__What is required__:
Would you please repeat the data that follows, exactly as it reads?

__Data provided__:
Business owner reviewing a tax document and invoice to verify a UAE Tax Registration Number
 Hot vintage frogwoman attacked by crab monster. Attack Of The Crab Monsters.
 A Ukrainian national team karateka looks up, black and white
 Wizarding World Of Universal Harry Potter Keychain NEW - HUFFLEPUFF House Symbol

__Reply__:
Business owner reviewing a tax document and invoice to verify a UAE Tax Registration Number
 Hot vintage frogwoman attacked by crab monster. Attack Of The Crab Monsters.
 A Ukrainian national team karateka looks up, black and white
 Wizarding World Of Universal Harry Potter Keychain NEW - HUFFLEPUFF House Symbol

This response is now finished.